BJP leaders concede that apart from their worry that the crucial Paswan voters will prefer Chirag over his uncle Pashupati Paras, Paswan Junior, a failed Bollywood actor, is a better speaker and is seen as a more popular leader compared to his uncle, who preferred to be low key for years.
Also Dalits are seen to be deeply upset with Nitish Kumar's policies, among them the liquor ban. Some four lakh people were arrested over the years for violating this policy and 70 per cent are from the Dalit community who also bemoan recurring legal expenses due to the cases against them under the Excise law.
But any support will count only during elections, and polls in Bihar are a long way off. Before that, Chirag Paswan hopes to make an impact in the 2024 national election. Those close to him say he has to position himself as an adversary to both Nitish Kumar and the BJP.
BJP leaders noted Chirag Paswan's cryptic comment yesterday, interpreted as sarcasm aimed at Prime Minister Narendra Modi.
At his press conference, Chirag Paswan ducked questions on the role of the BJP in the revolt against him saying it was "an internal matter of his party" for which he will not target others.
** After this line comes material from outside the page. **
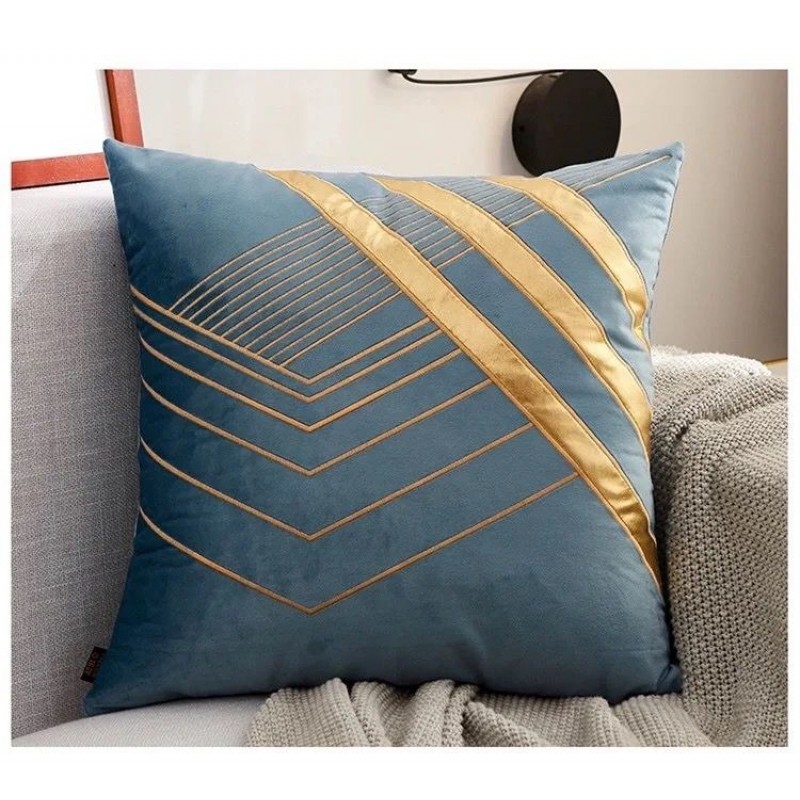 LÜX DEKORAFİT DERİ & NAKIŞLI KADİFE 45X45 KIRLENT KILIFI LÜX DEKORAFİT DERİ & NAKIŞLI KADİFE 45X45 KIRLENT KILIFI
Lok Sabha Speaker Om Birla's move to swiftly recognize Pashupati Paras as the leader of five of six MPs that rebelled - the sixth is Chirag Paswan - was a dead giveaway.
He gamely tackled a question referring to a comment he famously made ahead of the Bihar polls last year calling himself the faithful Hanuman to PM Modi's Ram.
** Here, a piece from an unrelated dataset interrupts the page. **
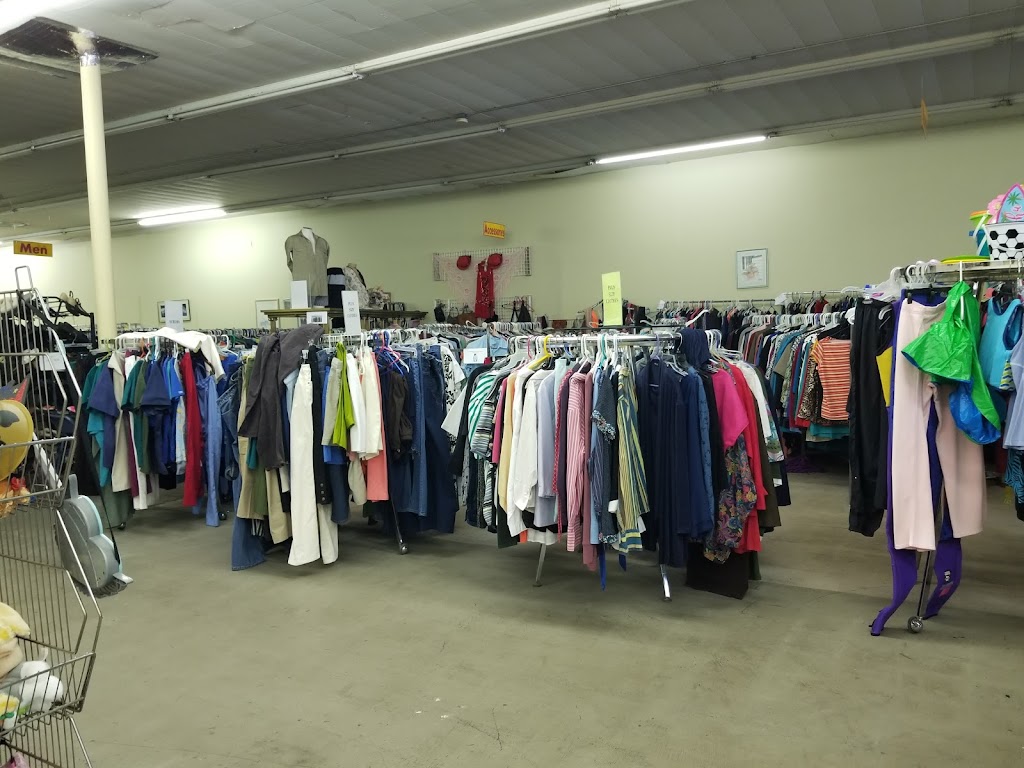 Helping rock thrift store | 14801 7th St, Dade City, FL 33523, USA | Phone: (352) 521-0535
Asked if "Hanuman" will seek help from "Ram", Mr Paswan wryly said: "If Hanuman has to seek help from Ram, then what good is Hanuman and what good is Ram?"
He has dropped hints earlier too. During the Bihar campaign, when he said at every public meeting that he was with the PM and the BJP but not Nitish Kumar, he reportedly anticipated having to fight the BJP at some point.
When a journalist asked why he was wearing so much saffron, he had quipped, "Sooner or later I will have to fight it out with the BJP as it doesn't spare its own allies."